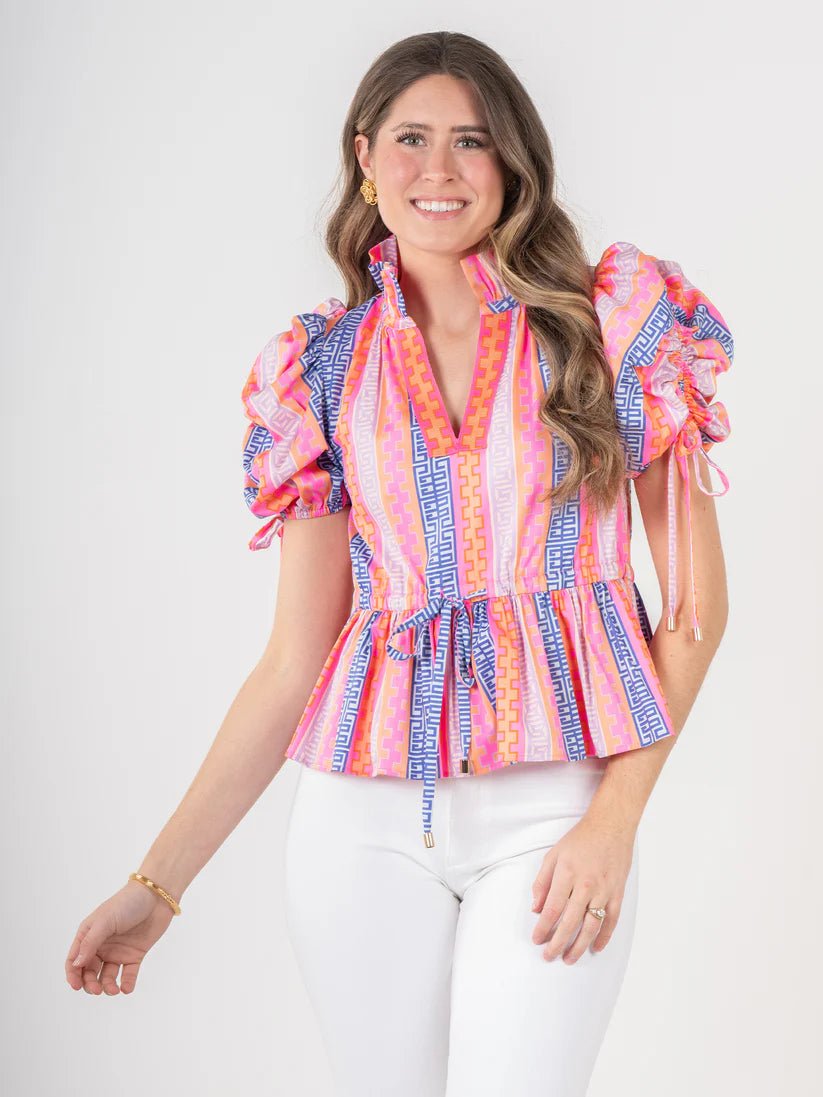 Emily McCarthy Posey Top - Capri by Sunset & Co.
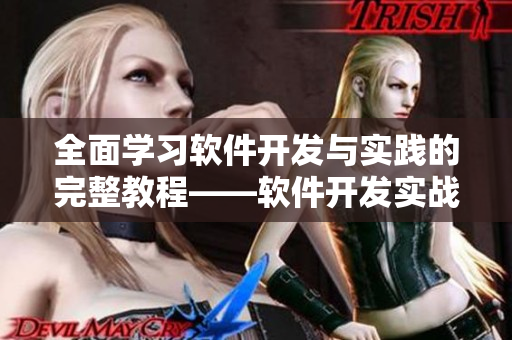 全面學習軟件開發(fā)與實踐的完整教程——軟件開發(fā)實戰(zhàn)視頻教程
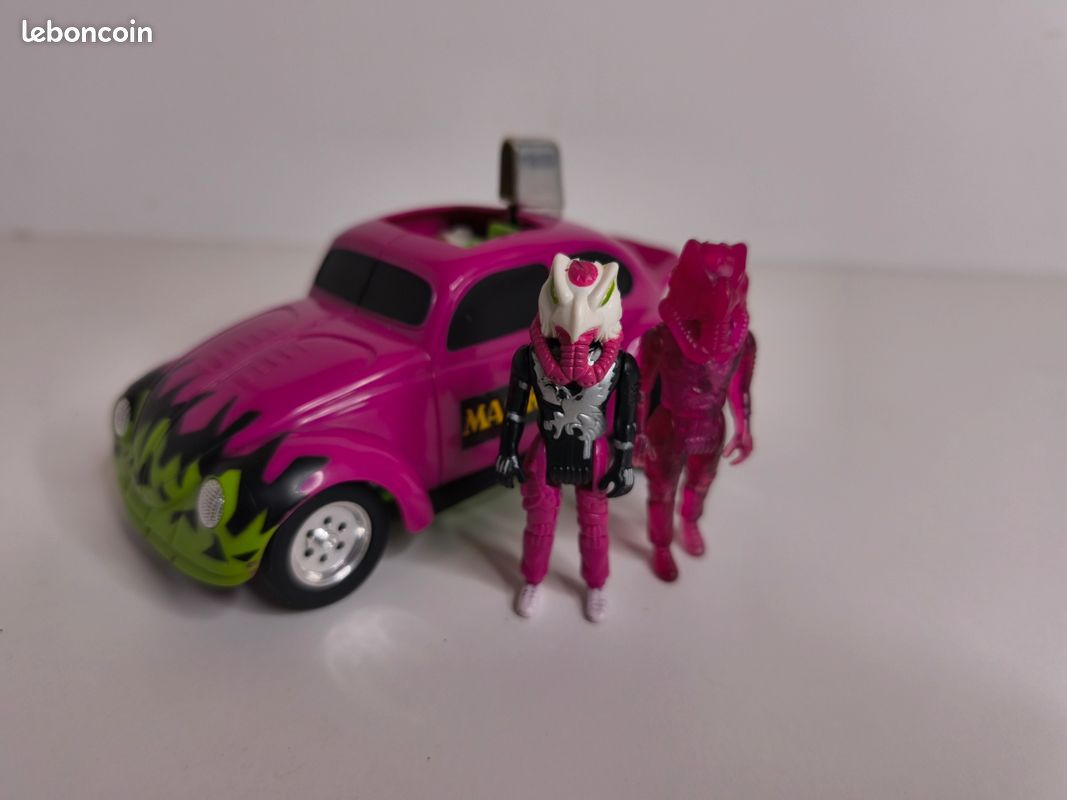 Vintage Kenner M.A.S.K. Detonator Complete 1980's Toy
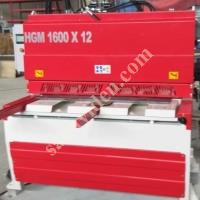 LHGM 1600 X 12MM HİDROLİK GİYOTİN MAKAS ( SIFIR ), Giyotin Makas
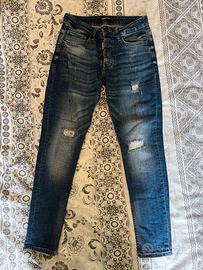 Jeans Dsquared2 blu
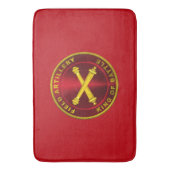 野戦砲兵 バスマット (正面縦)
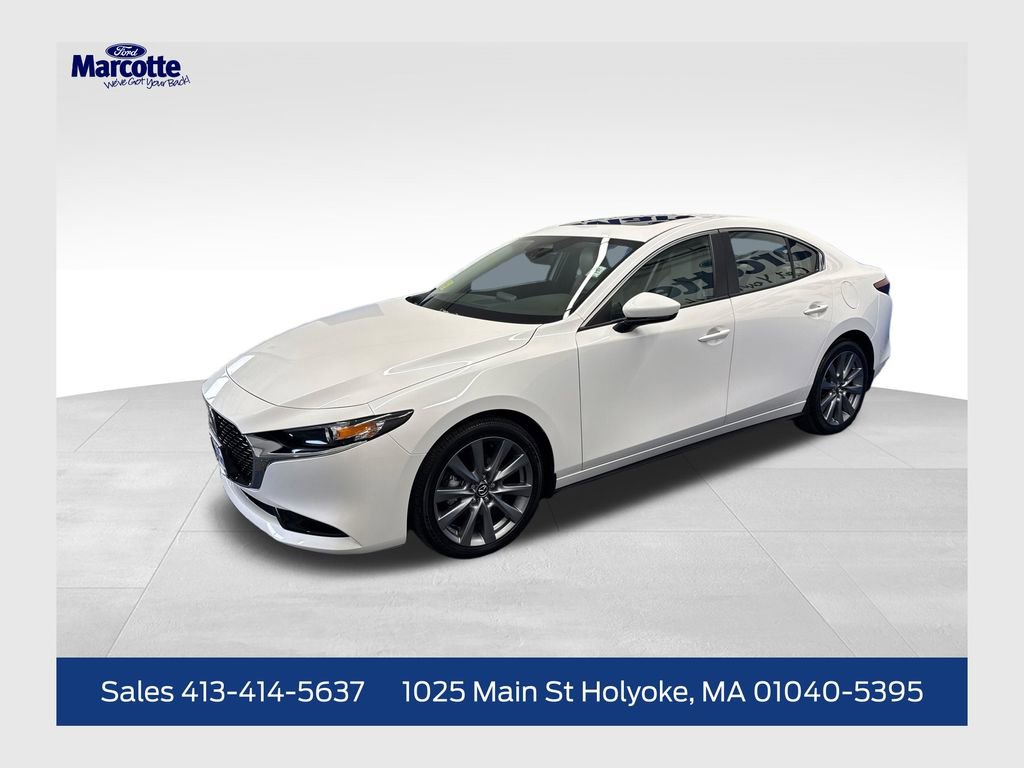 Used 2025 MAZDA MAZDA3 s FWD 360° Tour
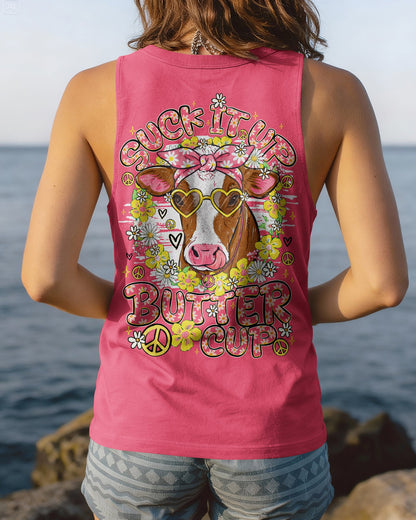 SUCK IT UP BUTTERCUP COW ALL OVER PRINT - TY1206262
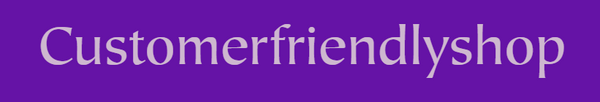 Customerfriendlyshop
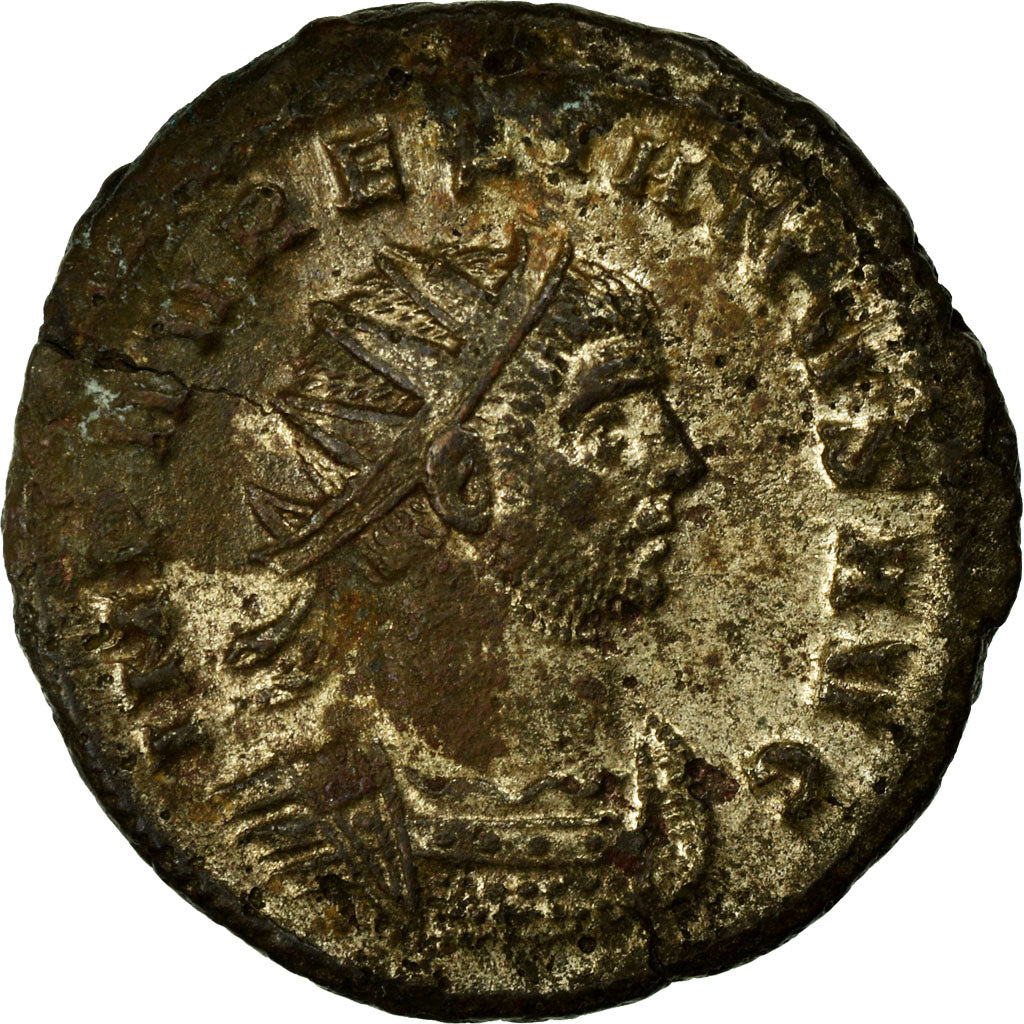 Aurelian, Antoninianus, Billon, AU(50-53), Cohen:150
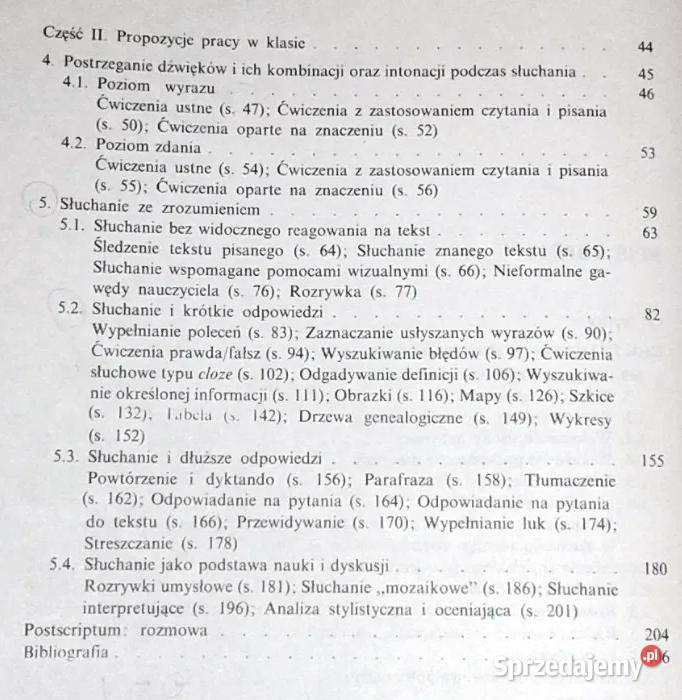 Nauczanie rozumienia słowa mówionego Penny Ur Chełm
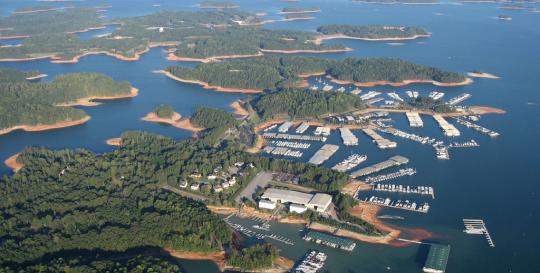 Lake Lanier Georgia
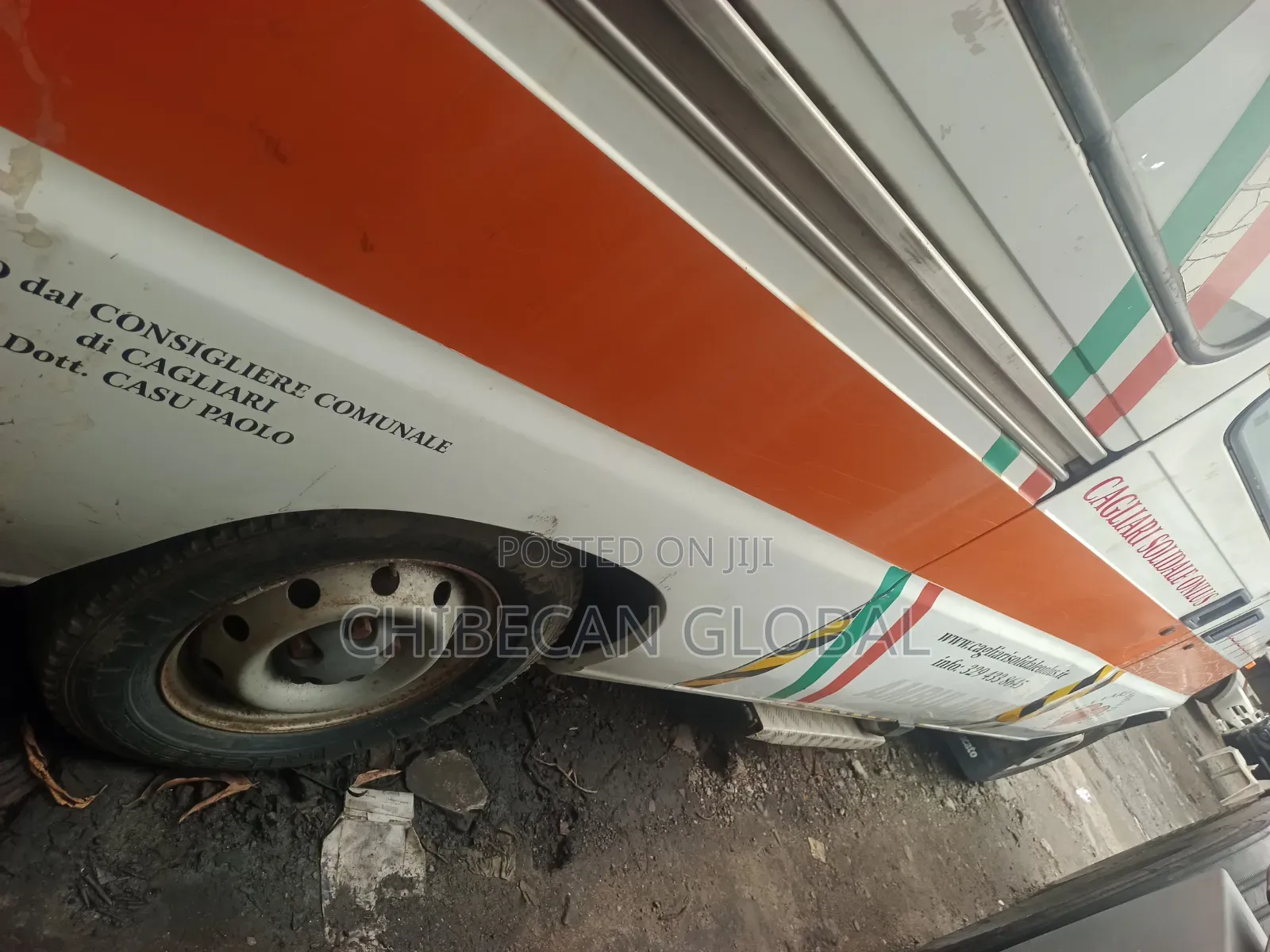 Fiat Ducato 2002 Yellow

○ ○ ○ ○ ○ ○ ○

=== Activity ===
The copy must match the listing above exactly but contain no pictures.

=== Response to the task ===
 Emily McCarthy Posey Top - Capri by Sunset & Co.
 全面學習軟件開發(fā)與實踐的完整教程——軟件開發(fā)實戰(zhàn)視頻教程
 Vintage Kenner M.A.S.K. Detonator Complete 1980's Toy
 LHGM 1600 X 12MM HİDROLİK GİYOTİN MAKAS ( SIFIR ), Giyotin Makas
 Jeans Dsquared2 blu
 野戦砲兵 バスマット (正面縦)
 Used 2025 MAZDA MAZDA3 s FWD 360° Tour
 SUCK IT UP BUTTERCUP COW ALL OVER PRINT - TY1206262
 Customerfriendlyshop
 Aurelian, Antoninianus, Billon, AU(50-53), Cohen:150
 Nauczanie rozumienia słowa mówionego Penny Ur Chełm
 Lake Lanier Georgia
 Fiat Ducato 2002 Yellow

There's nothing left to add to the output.